The S&D had suspended SMER and Slovakia’s junior ruling party HLAS last October after the parties struck a deal with a right-wing party to form a government.

Fico, in a video message on the party’s YouTube page, said his party disagreed with many of the S&D bloc’s views.

He said he had written to Social Democrat leaders that a condition for SMER’s re-inclusion in the alliance was being able to maintain sovereign positions in areas such as the Ukraine war, migration and other issues.

“If we have to go somewhere and repeat like parrots what others want and which is in stark contrast with Slovak national-state interests, then I say in advance that we thank you but our MEPs would rather stay unattached,” Fico said.

Fico has been recovering after being shot four times at close range by an attacker in mid-May, which left him needing hours of surgery. He appeared in public for the first time last week, speaking at a state ceremony, and has been attending government meetings this week.

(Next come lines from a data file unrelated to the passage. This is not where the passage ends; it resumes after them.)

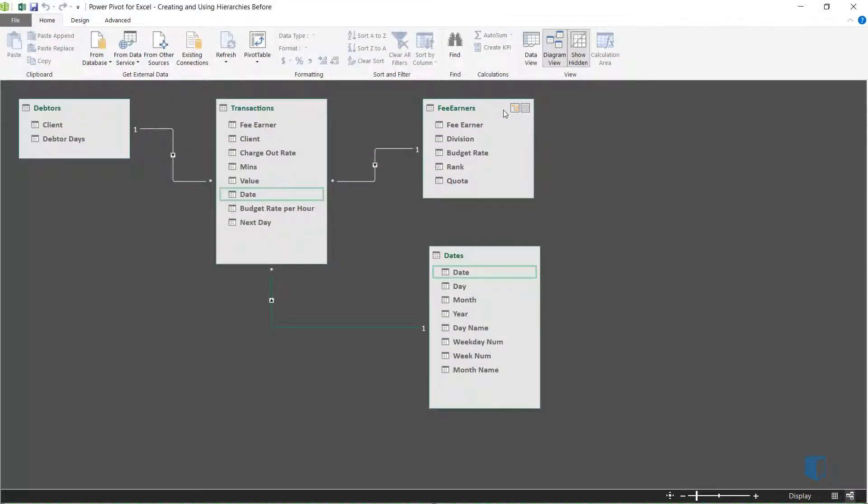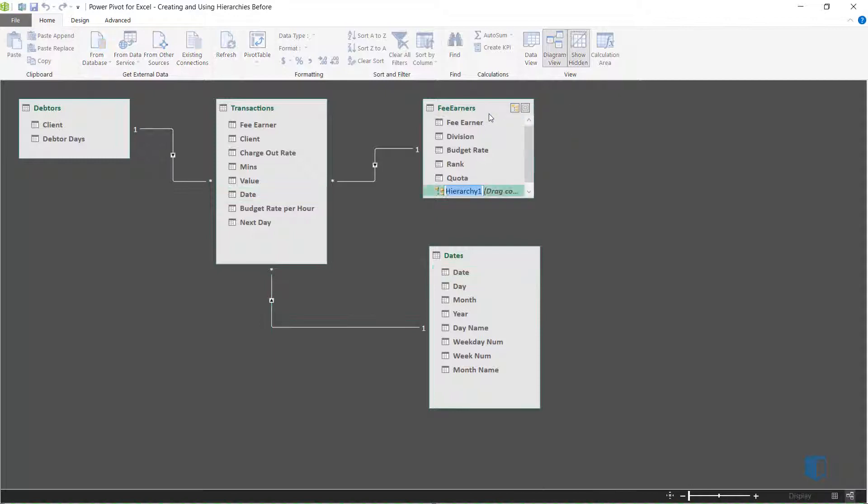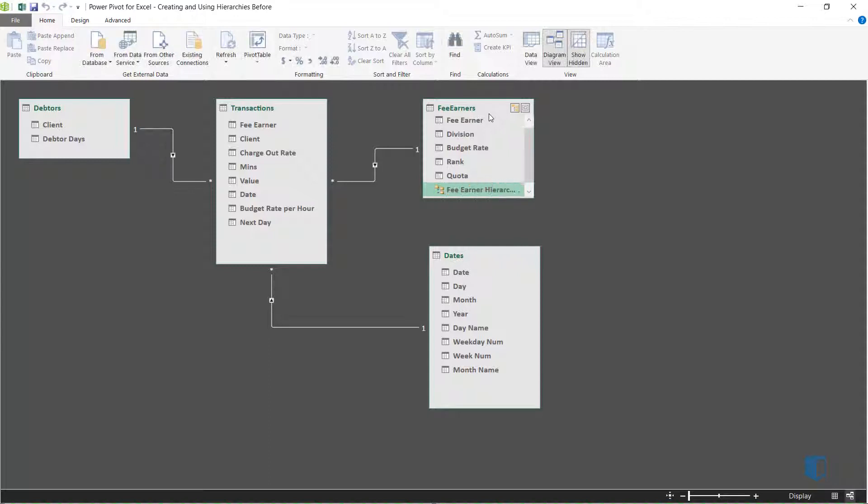We'll click the Create Hierarchy button in the table header and name it FeeEarnerHierarchy. We now need to add fields to the hierarchy by dragging and dropping.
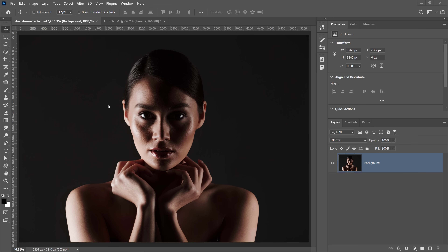In this video, I'm going to show you how to create the dual lighting effect in Photoshop. This is the image we're going to work with, and as you can see, it's a great photo. It has a light source coming from the left and another light source coming from the right.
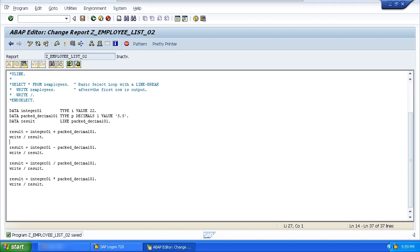For example, a variable defined as an integer cannot be multiplied by a character. The two data types are incompatible and as a result the system would generate syntax errors and a runtime error if you try to execute the program.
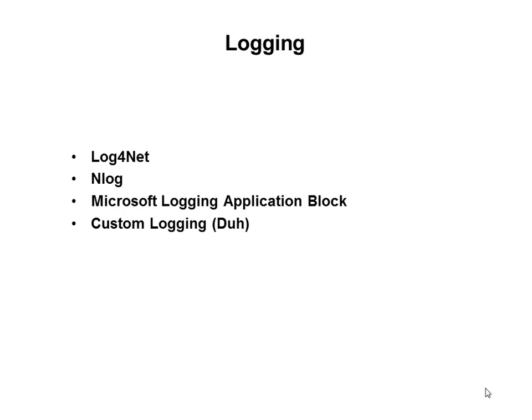Log4Net, NLog and Microsoft logging application block all three may offer different interfaces. In order for you to isolate your application from any specific type of logging that you are using the best way is to use an adapter design pattern. Let's see how we can do that.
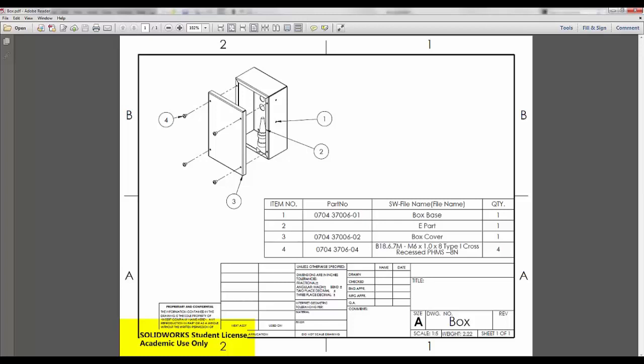The watermark simply indicates that there is at least one reference file that was created in a SOLIDWORKS educational version, or using a template left over from an educational installation.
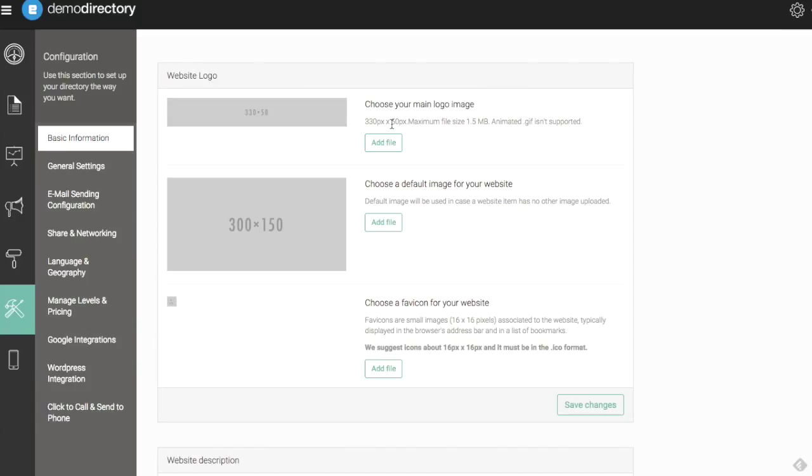I recommend using a PNG and having more of a transparent background so you don't get that blocky look. This is something you can see how it looks and update for yourself. Let's go in and choose a logo here.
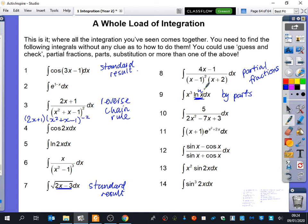Number 11 - the reverse chain rule. Can you explain to everyone why this is the reverse chain rule? You can see the derivative of the power of e is similar to x plus 1. You'd have 2x plus 2 but we've got x plus 1, so they're similar to each other by a factor. So you would be able to integrate that using the reverse chain rule.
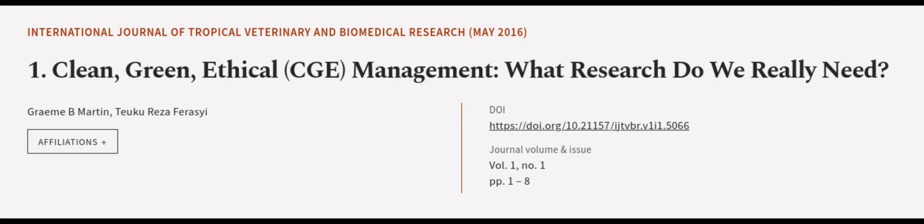This article was authored by Graham B. Martin and Tukareza Farisii. We are article.tv, links in the description below.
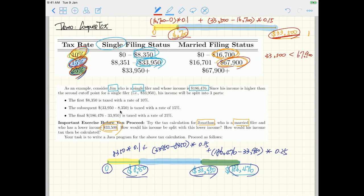Study these two visualizations carefully. Hopefully you can infer from them how to implement your Java code for the compute tax program.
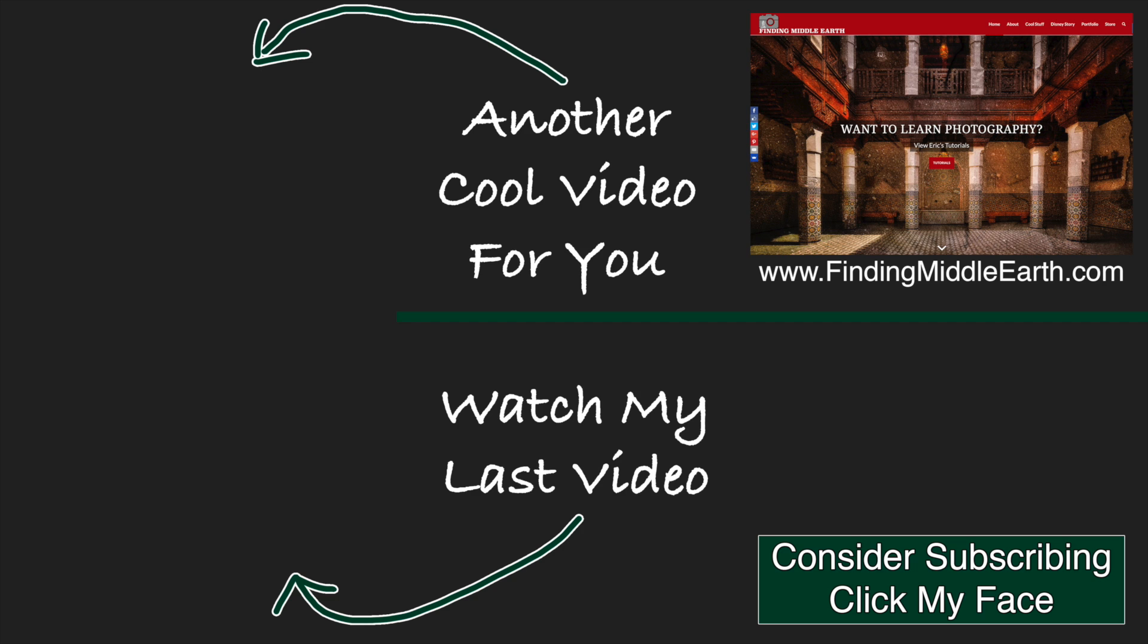If you would like to stay up to date on all of my photography videos and free tutorials please consider subscribing by clicking on my face and if you would like to find out more about me and how to improve your photography visit my website at findingmiddleearth.com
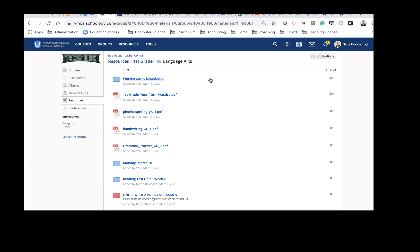If you want to move something into your course, you can just go over to the Settings wheel and say Add to Course. Once I get people in, I will make you an admin of this group so you can use these resources.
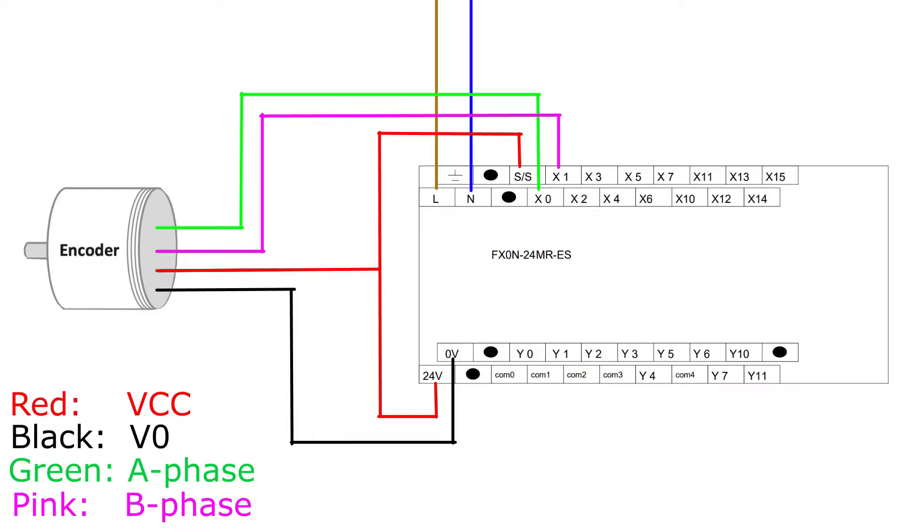Some encoders also have a Z phase. That phase will pulse once per revolution of the encoder.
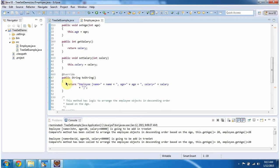And I have overridden the toString method. This method will return the employee information.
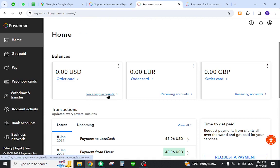From Payoneer to your local bank in Georgia. Thank you for watching the video, and if you have any questions, let me know in the comment section.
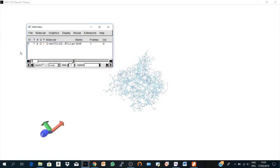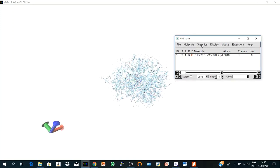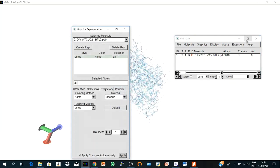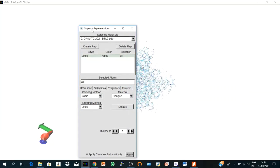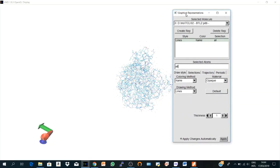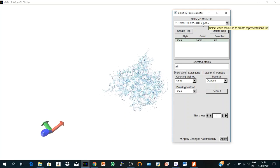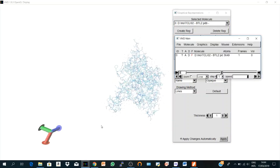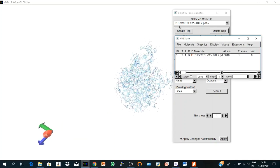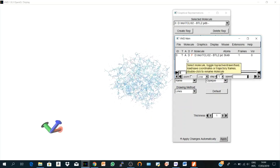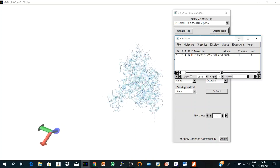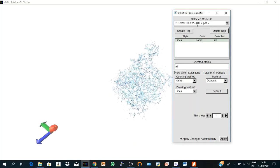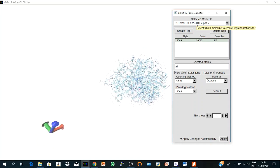Then let's go to our graphical representations window. We go to Graphics, Representations, and here is our main window. It contains some sections. The first section here is the selected molecule. Since we have here only one molecule, by default we're going to have it here. But if you load so many trajectories or different structures, you should choose from here, but it's already chosen by default.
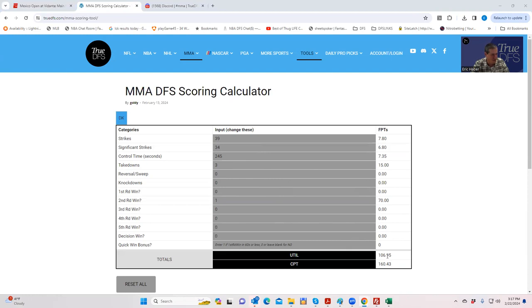So that's all you got to do. You just put that information here and it'll tell you how many fantasy points you expect to get once it goes live on DraftKings. And that's pretty much it for the MMA DFS scoring calculator. Good luck.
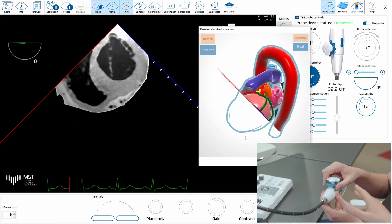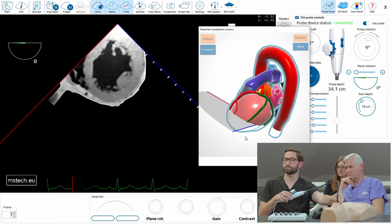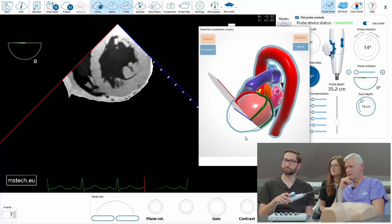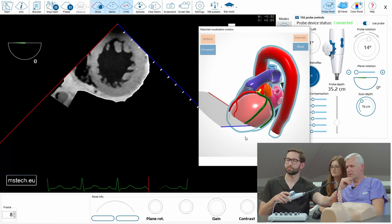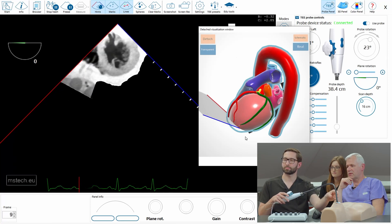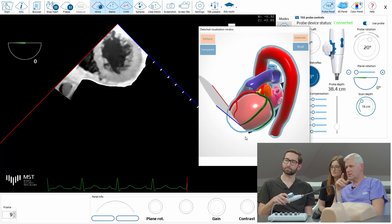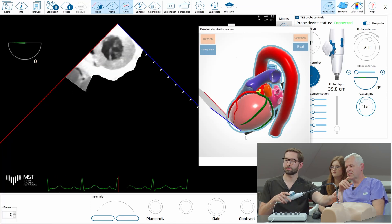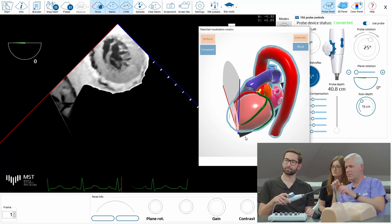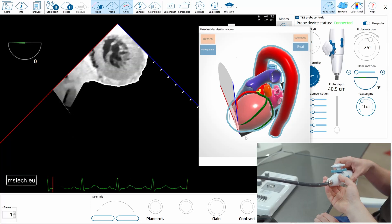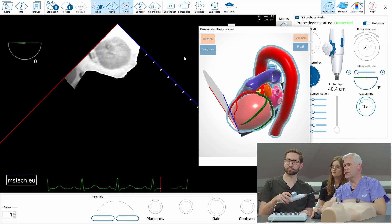Then release, go deeper, and show the papillary muscle level. Then release again, go even deeper, and show the apical level. This is the very apical part of the left ventricle.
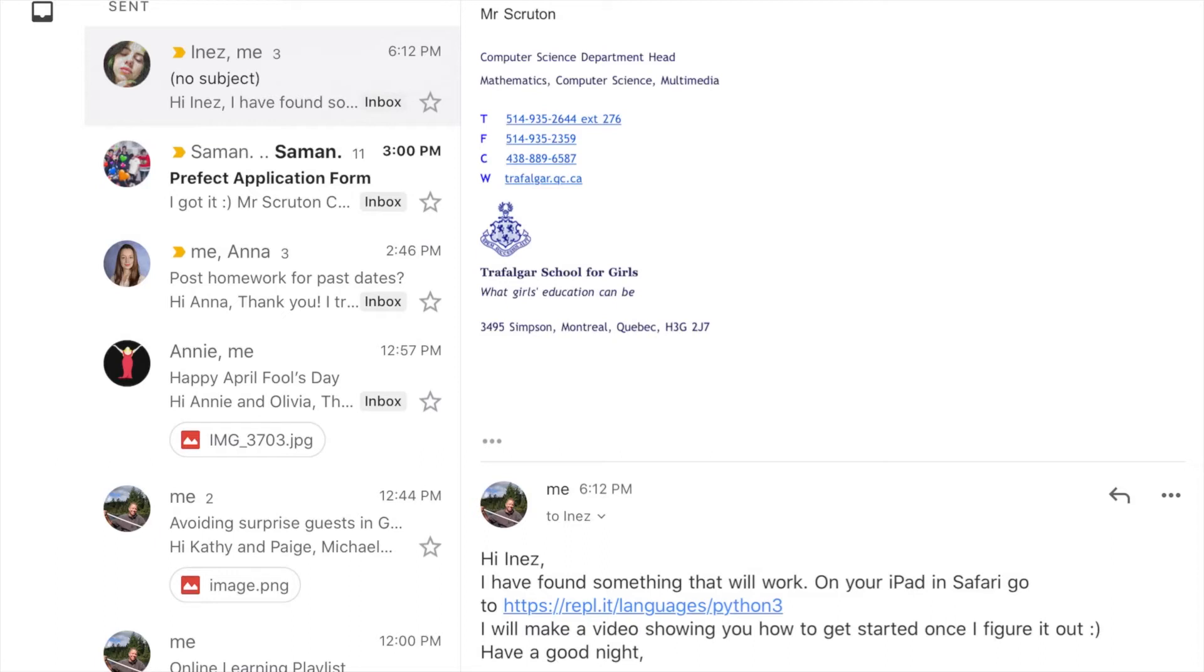To do Python programming on the iPad, I'm going to use something called REPL. This is the link.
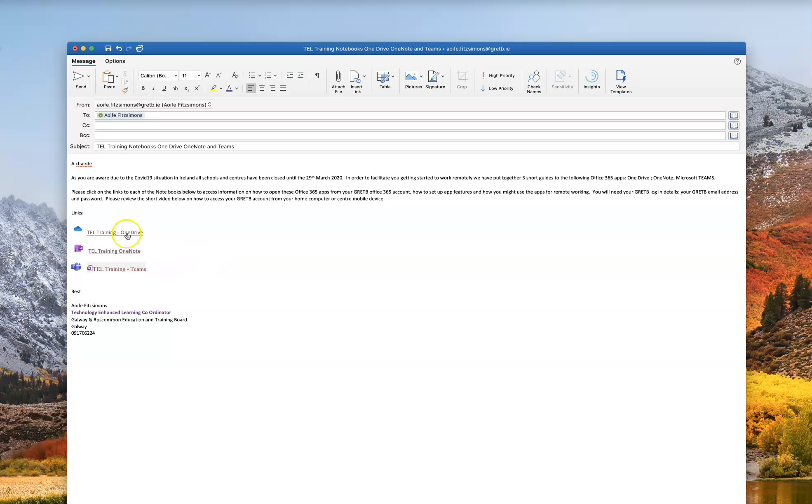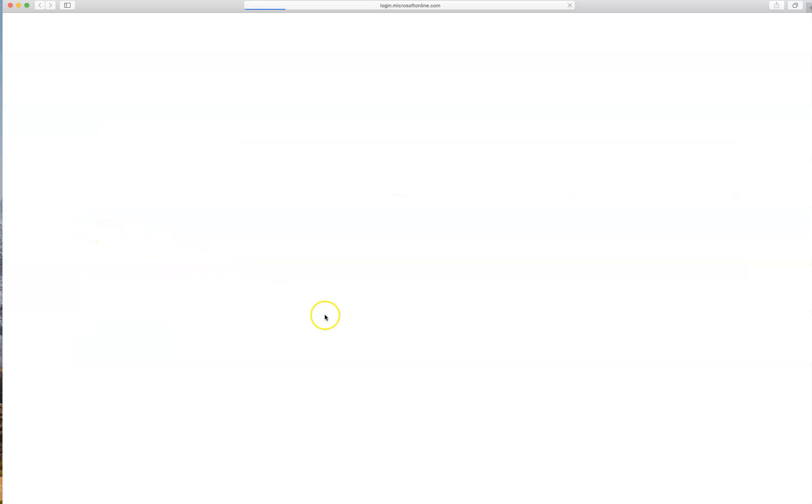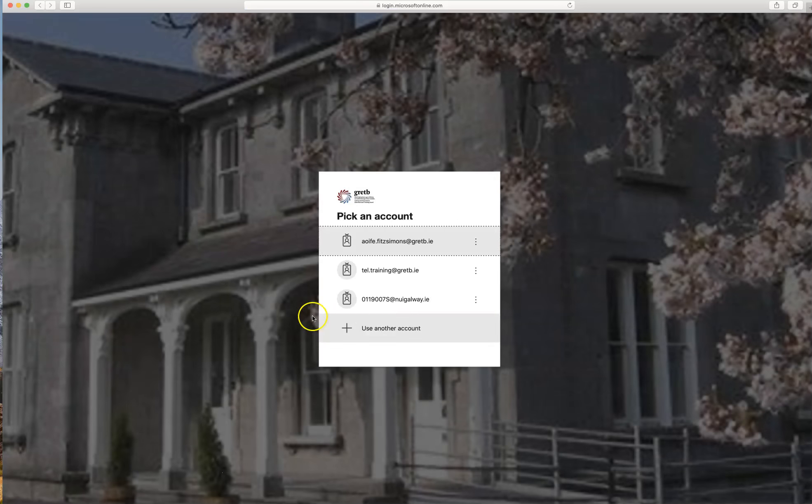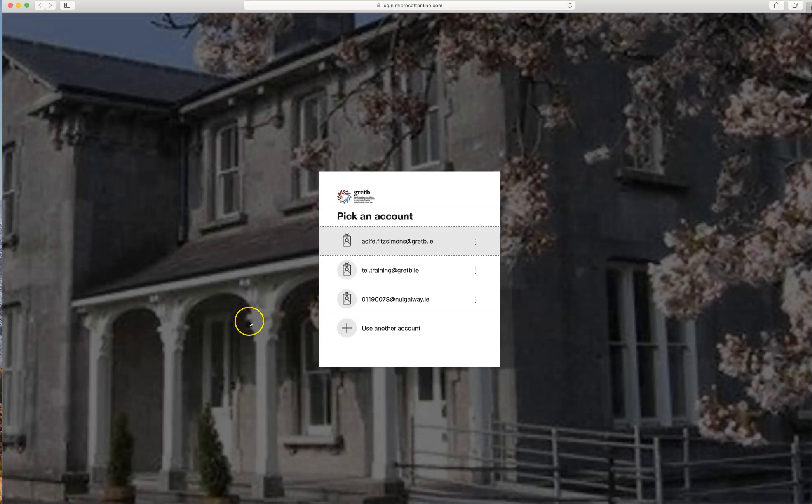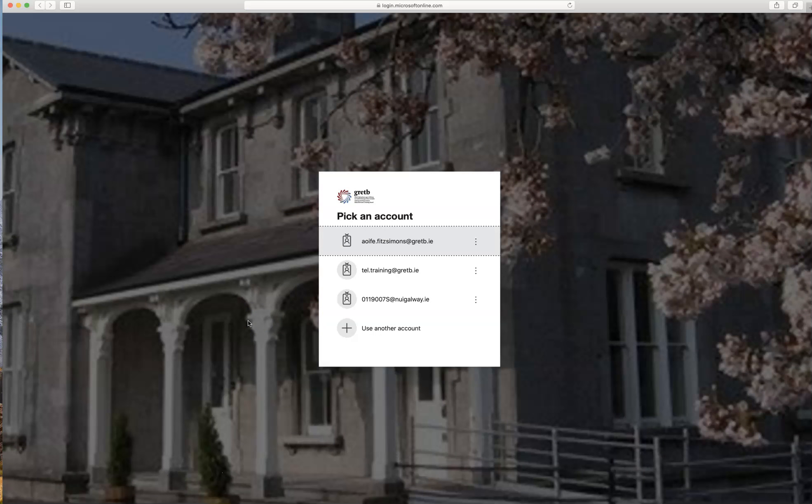To open a notebook, double click on the notebook heading. This will direct you through to your GRETB Office 365 online account.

His government halted state military aid to Ukraine after it took power last year, and Fico, like Hungarian leader Viktor Orban, has pushed for quick peace talks.

Fico, in his video message, added that “SMER cannot enter into European political structures that have nothing to do with social democracy.”

His comments indicated SMER would not join the third-largest EU parliamentary alliance, Patriots for Europe, forged by Orban.

The new Patriots alliance announced this week that Marine Le Pen’s National Rally (RN) party of France would lead the alliance, which also includes Freedom Party of Austria and ANO party of former Czech prime minister Andrej Babis.